Will I be sent to prison for cannabis cultivation for sale?

Imprisonment is highly likely for cultivation involving commercial quantities or sale intent. Courts consider these serious drug offences. First-time or low-level offenders may receive a suspended sentence or home detention, but this depends on the facts.

Which court will hear a cannabis cultivation for sale charge?

  • Magistrates Court: Small quantity or 1 plant with intent to sell
  • District Court: Commercial or serious cases (e.g., 10+ plants, hydro setups, criminal links)

More serious charges may be committed to the Supreme Court, especially if penalties exceed 25 years.

Is hydroponic cannabis cultivation for sale treated more seriously?

Yes. Artificially enhanced cultivation (e.g., hydroponic setups) often results in aggravated charges, even with fewer plants. This is due to the increased yield, faster growth, and sophistication of such setups.

Can cultivating cannabis for a medical patient be a defence?

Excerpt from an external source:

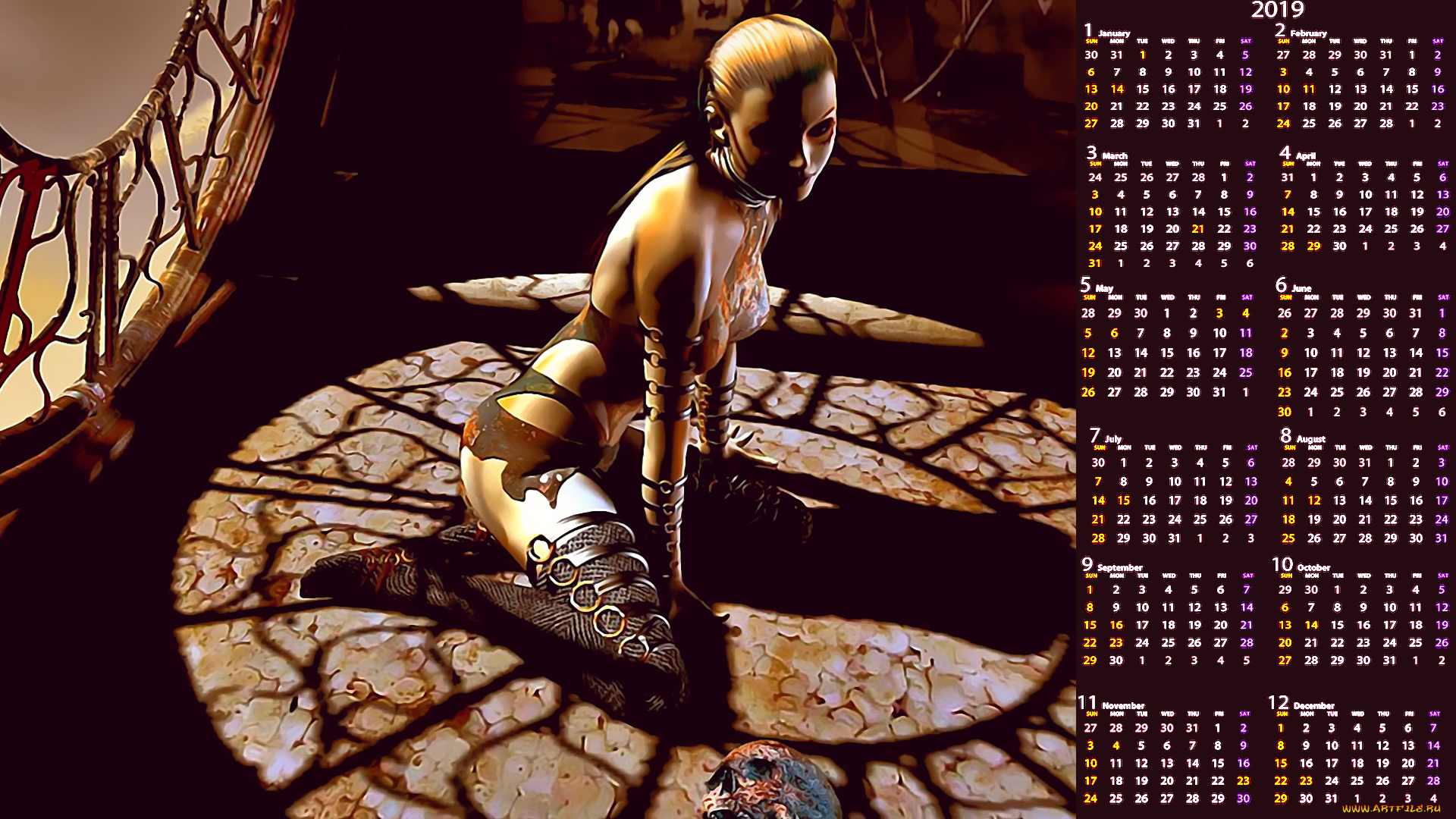 календари, 3д-графика, девушка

No, not without a Commonwealth-issued medicinal cannabis licence. Even if your intent is to help someone medically, cultivation for another person still constitutes a criminal offence in South Australia.

What if I’m caught cultivating for sale but say it was for personal use?

If you’re found with 10 or more plants, the court will presume you intended to sell, unless you provide credible evidence to the contrary. This could include medical documentation, lack of paraphernalia (e.g., scales), and absence of large-scale operations.